▸ Input data
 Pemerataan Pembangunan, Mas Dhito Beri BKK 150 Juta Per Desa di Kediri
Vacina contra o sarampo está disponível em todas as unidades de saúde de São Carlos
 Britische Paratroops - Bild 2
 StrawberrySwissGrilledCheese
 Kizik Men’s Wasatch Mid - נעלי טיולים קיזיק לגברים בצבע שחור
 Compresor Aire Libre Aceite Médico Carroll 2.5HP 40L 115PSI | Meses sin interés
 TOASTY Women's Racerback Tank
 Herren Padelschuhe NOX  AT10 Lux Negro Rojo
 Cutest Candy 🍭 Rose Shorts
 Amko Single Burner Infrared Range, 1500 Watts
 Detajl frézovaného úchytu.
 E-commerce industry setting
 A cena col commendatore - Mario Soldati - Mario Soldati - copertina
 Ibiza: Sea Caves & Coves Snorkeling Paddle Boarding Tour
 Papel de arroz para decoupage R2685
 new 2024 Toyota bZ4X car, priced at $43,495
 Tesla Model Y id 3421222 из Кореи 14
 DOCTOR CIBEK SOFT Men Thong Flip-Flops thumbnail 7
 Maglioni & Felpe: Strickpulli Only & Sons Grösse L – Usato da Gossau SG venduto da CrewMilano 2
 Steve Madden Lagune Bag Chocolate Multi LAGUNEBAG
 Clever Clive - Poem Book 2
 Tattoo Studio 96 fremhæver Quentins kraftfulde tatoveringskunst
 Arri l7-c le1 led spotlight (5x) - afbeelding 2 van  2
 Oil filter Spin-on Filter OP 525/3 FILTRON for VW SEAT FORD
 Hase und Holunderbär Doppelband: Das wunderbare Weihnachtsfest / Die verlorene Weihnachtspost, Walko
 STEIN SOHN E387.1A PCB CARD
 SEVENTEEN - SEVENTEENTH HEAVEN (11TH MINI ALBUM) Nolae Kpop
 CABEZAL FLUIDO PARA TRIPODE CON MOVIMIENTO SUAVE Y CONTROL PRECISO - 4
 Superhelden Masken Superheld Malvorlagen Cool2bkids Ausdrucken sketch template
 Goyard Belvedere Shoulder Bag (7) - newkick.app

▸ Task to carry out
Repeat exactly the lines above, starting with the first line of the records and finishing with the line holding "DOCTOR CIBEK SOFT". Add no other line.

▸ Written answer
 Pemerataan Pembangunan, Mas Dhito Beri BKK 150 Juta Per Desa di Kediri
Vacina contra o sarampo está disponível em todas as unidades de saúde de São Carlos
 Britische Paratroops - Bild 2
 StrawberrySwissGrilledCheese
 Kizik Men’s Wasatch Mid - נעלי טיולים קיזיק לגברים בצבע שחור
 Compresor Aire Libre Aceite Médico Carroll 2.5HP 40L 115PSI | Meses sin interés
 TOASTY Women's Racerback Tank
 Herren Padelschuhe NOX  AT10 Lux Negro Rojo
 Cutest Candy 🍭 Rose Shorts
 Amko Single Burner Infrared Range, 1500 Watts
 Detajl frézovaného úchytu.
 E-commerce industry setting
 A cena col commendatore - Mario Soldati - Mario Soldati - copertina
 Ibiza: Sea Caves & Coves Snorkeling Paddle Boarding Tour
 Papel de arroz para decoupage R2685
 new 2024 Toyota bZ4X car, priced at $43,495
 Tesla Model Y id 3421222 из Кореи 14
 DOCTOR CIBEK SOFT Men Thong Flip-Flops thumbnail 7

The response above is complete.